Change of $\beta$ on transistor replacement
Thermal variations

Let us consider these aspects.

Transistor Replacement Discrete transistors of the same nomenclature and manufactured by the same firm have widely different values of device parameters including $\beta$ . Hence when a transistor in a given circuit is replaced by another of the same type, the transistor characteristics change somewhat and the quiescent operating point shifts.
Thermal Variations. A rise in temperature Causes three effects:

increase in I_CBO (or I_CO). Thus, I_CBO doubles for every 10°C rise in temperature
V_BE reduces at the rate of 2.5 mV/deg C rise in temperature
$\beta$ increases with the rise in temperature.

Here apart from ambient temperature variations, internal causes also have to be considered. Thus, any increases in I_C causes rise in temperature of collector junction J_C which in turn causes rise in I_CO. this rise in I_CO causes further rise in I_C. this in cumulative process and may damage the device unless adequate means are adopted to remove heat from the device. Even when damage of the device does not take place, there results considerable shift of the quiescent operating point i.e. thermal run away is said to take place.

Thus, operating point P may shift from the middle of the active region to saturation. We know that: $I_C = \beta I_B + (\beta + 1) I_{CBO}$ . Then even if we assume $\beta$ to be temperature invariant, for I_B = 0, with increase of temperature, output characteristics of CE transistor move up because of the rise in I_CBO. For nonzero value of I_B, the I_C versus V_CE curves also move up by the same amount.

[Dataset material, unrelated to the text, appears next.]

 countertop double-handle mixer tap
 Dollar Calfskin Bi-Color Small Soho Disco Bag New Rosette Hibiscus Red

Hence the operating point moves up.

Increase of $\beta$ with rise of temperature causes further upward movement of quiescent operating point.

Means of Achieving Operating Point Stability

Operating point stability may be achieved in the following ways:

By using stabilization methods: use of proper biasing circuit, which permits such a variation of the base biasing current I_B as to maintain I_C almost constant in spite of variation of I_CO, V_BE and $\beta$ ..
By using Compensation methods: use of compensation elements such as diode, transistor, thermistor etc. theses device produce compensating voltage and currents and thus maintain the operating point stable.

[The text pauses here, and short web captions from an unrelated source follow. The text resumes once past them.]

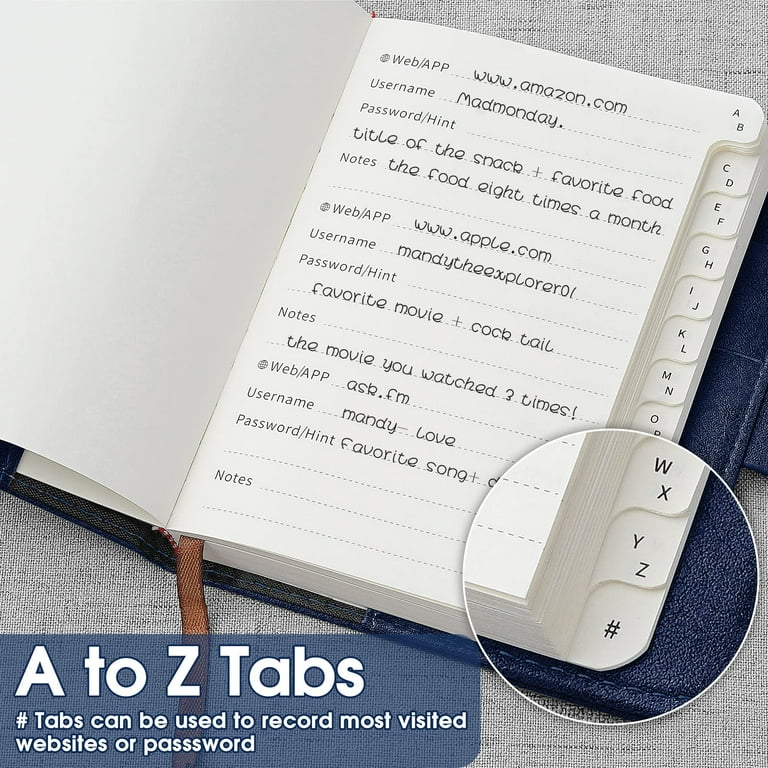 WEMATE Lockable Blank Diary &amp; Journal, Dark Blue, 4.33 x 6.18 inch 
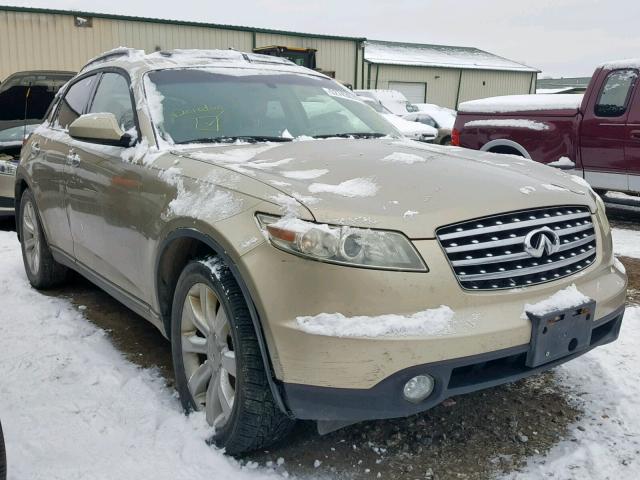 JNRAS08W23X206892 - 2003 INFINITI FX35 BEIGE photo 1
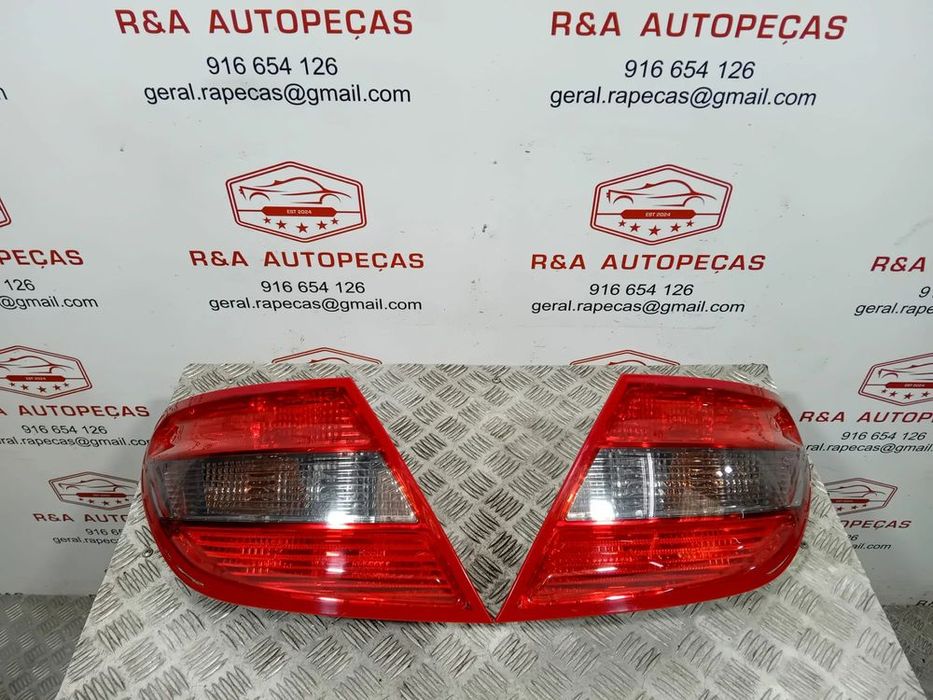 Farolins Trás Traseiro Esquerdo Direito Mercedes Class C W204 Fase 1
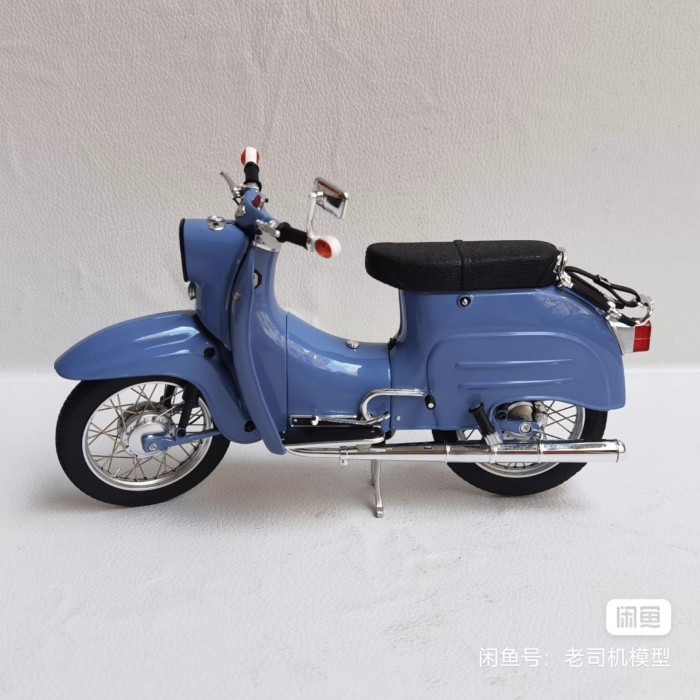 Schuco Schuco 1: 10 Simson Simson KR51/1 light Motorcycle Alloy Model 2a Car Model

Additional means are adopted to maintain the ambient and the junction temperatures constant. Thus, air conditioning or thermostat chamber (wherever possible) may be used to maintain the ambient or case temperature constant. Heat sink and air blast may be used to remove heat from the transistor.

We here take up only a brief study of biasing method for operating point stabilization.

Desired features of Biasing Methods: The biasing circuit used in transistor should be such as:

To establish conveniently the operating in the middle of the active region of the characteristics.
To make the operating point independent of transistor parameters.
To stabilize the collector current against temperature variations.

Different Biasing Methods: Various biasing method possible are:

Two battery bias
Fixed bias
Collector-to-base bias
Fixed bias with emitter circuit resistor
Self-bias

Out of theses method, the self-bias is the one most effective and convenient ands is, therefore, almost always used. We, therefore, take up here the study of this biasing method only.

Self-Bias (Emitter Bias)

Figure 4 gives the circuit of CE amplifier using self-bias or emitter bias. This biasing method is most popular used because it produces excellent operating point stability. The d.c. component of current through the resistor R_e caused d.c. voltage drop V_E in the polarity shown in figure 4. this voltage drop causes a reverse bias at the emitter junction J_E. but R₁ – R₂ combination across the V_CC supply produces a positive d.c. voltage V_b at the base relative to the emitter. The net forward bias at the emitter junction J_E then equals (V_b – V_e)

Stabilization Action of Self Bias Circuit Any rise in temperature T causes rise in I_CBO and hence rise in I_C. This increased current through R_e causes increased dc voltage drop across R_e and results in reduced net emitter-to-base forward bias, reduced base current I_b and reduced collector current I_C. This reduction in I_C tends to cancel the rise in I_C as caused by temperature rise. Operating point stability is thus improved.